Seeing the fear in Barbara’s eyes, Ben stopped himself. She was wide-eyed, staring in disgust, her hands still resting on the table top.

He refocused his attention on the table top, and started to lift it again. Barbara was practically motionless. As he tugged on the table, her hands fell away and she slowly pulled them against herself. He dragged the table, unassisted, toward the window he intended to board up with it.

He looked at Barbara. She stared back, practically expressionless.

“I’m just…I…I got kids,” Ben said rubbing his perspiring forehead with his sleeve. “And…I guess they’ll do all right. They can take care of themselves…but they’re still only kids…and I’m being away and all…and…”

His voice trailed off, as he had gotten no response from Barbara and didn’t know what to say next. He tugged at the table, and allowed it to lean against the wall.

“I’m just gonna do what I can,” he said, making an effort to sound positive. “I’m going to do what I can, and I’m gonna get back…and I’m gonna see my people. And things are gonna be all right…and…I’m gonna get back.”
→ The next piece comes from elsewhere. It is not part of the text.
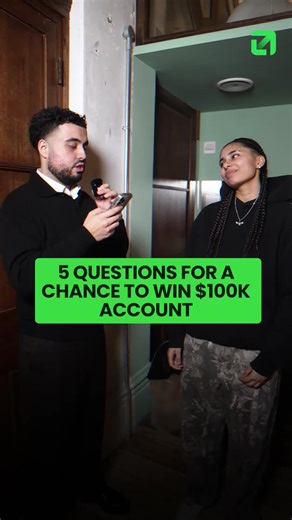 Challenges of Keeping $100K: 5 Tough Questions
His talk had begun to repeat itself, and he realized he had started to babble, and he saw the girl intently watching him, and he stopped. He composed himself with some effort, and started to speak a little more slowly. His voice became almost a monotone, with enforced calm, but beneath his anger and his fear he was a brave man, and he was bound and determined not to lose his confidence. He knew the girl was in need of bolstering, if she was going to be able to cope with the situation. Like it or not, his survival was to some measure dependent on hers, and on how well he could get her to cooperate and overcome her fear.
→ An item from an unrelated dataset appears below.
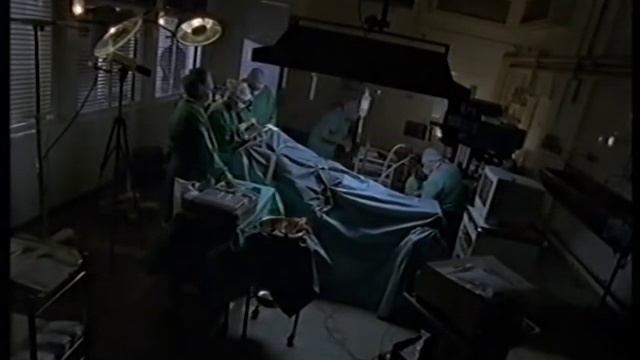 INVASION: EARTH - 3.Only The Dead - part 1 of 4 смотреть онлайн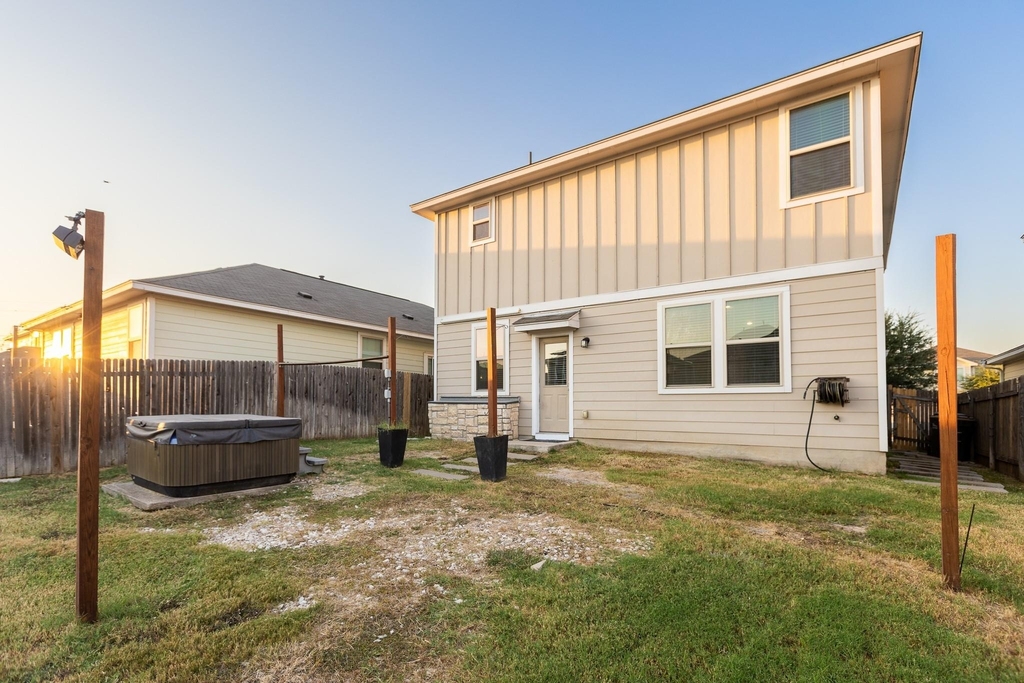 245 Pearl Way - Photo 26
“Now, you and me are gonna be all right, too,” he told her. “We can hold those things off. I mean…you can just…smash them. All you have to do is just keep your head and don’t be too afraid. We can move faster than they can, and they’re awfully weak compared to a grown man…and if you don’t run and just keep swinging at them…you can smash them. We’re smarter than they are. And we’re stronger than they are. We’re gonna stop them. Okay?”